Professor Anil Patel Receives ANRF Grant for Real-Time Aerosols’ Oxidative Potential Research

Air pollution is often measured in terms of how much particulate matter is present in the air. But a more pressing question is whether that air is equally harmful at all times. For Professor Anil Patel, this shift in thinking has been shaped by years of research into how atmospheric aerosols interact with the human body. When inhaled, these particles can generate reactive oxygen species (ROS) in the respiratory system, a process widely considered a key mechanism behind pollution-related health effects.

Building on this work, and ongoing efforts to understand which aerosol components are most toxic and why, Professor Anil Patel of the Bagchi School of Public Health at Ahmedabad University is now leading a new project that moves from theory to measurement. Supported by a grant from the Anusandhan National Research Foundation Prime Minister Early Career Research Grant Scheme, the project focuses on aerosol oxidative potential (OP), a metric that captures the real-time toxicity of airborne particles.

Oxidative potential reflects the ability of airborne particles to induce oxidative stress in the human body, one of the key pathways through which air pollution affects health. Unlike conventional air quality measurements that simply track particle mass, OP provides a more direct indication of toxicity. However, it is rarely measured in real time. At present, most OP assessments rely on 12 to 24-hour integrated filter samples, which average out short-term fluctuations and miss rapid changes in air toxicity caused by traffic emissions, photochemical reactions, and shifting atmospheric conditions.

Professor Patel’s project aims to address this gap by developing an automated system capable of measuring aerosol oxidative potential in real time.
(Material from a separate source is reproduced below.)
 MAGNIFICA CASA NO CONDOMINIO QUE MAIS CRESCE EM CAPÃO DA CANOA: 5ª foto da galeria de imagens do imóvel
This would allow researchers to capture the highly dynamic nature of air pollution as it changes hour by hour, rather than relying on daily averages that can obscure critical spikes in toxicity. By shifting from static to continuous monitoring, the research introduces a more precise and responsive way of understanding air quality.

The implications of this approach extend significantly beyond measurement. Real-time OP data can help identify when air pollution is most harmful and what drives those fluctuations, whether it is traffic density, weather patterns, or chemical reactions in the atmosphere. This creates a stronger scientific basis for linking pollution exposure to health outcomes and could ultimately inform more targeted public health responses. Over time, such systems could also support long-term monitoring frameworks that better reflect the complexity of air pollution in rapidly changing urban environments, particularly in countries like India.
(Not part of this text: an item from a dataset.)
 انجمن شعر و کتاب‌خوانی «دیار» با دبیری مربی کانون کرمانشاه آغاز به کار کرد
Support from the ANRF enables the development of new scientific infrastructure within India, allowing researchers to build advanced measurement capabilities locally rather than relying on external systems. The project also reflects the interdisciplinary research environment at Ahmedabad University, where atmospheric science and public health intersect to address complex real-world challenges. As Professor Patel notes, “Ahmedabad University is an environment where good ideas are taken seriously and given the space to grow.”

By focusing on real-time toxicity rather than averaged pollution levels, the research represents a shift in how air quality is understood. It moves the conversation from how polluted the air is to how dangerous it is at any given moment, offering a more nuanced and health-relevant way of thinking about one of India’s most persistent environmental challenges.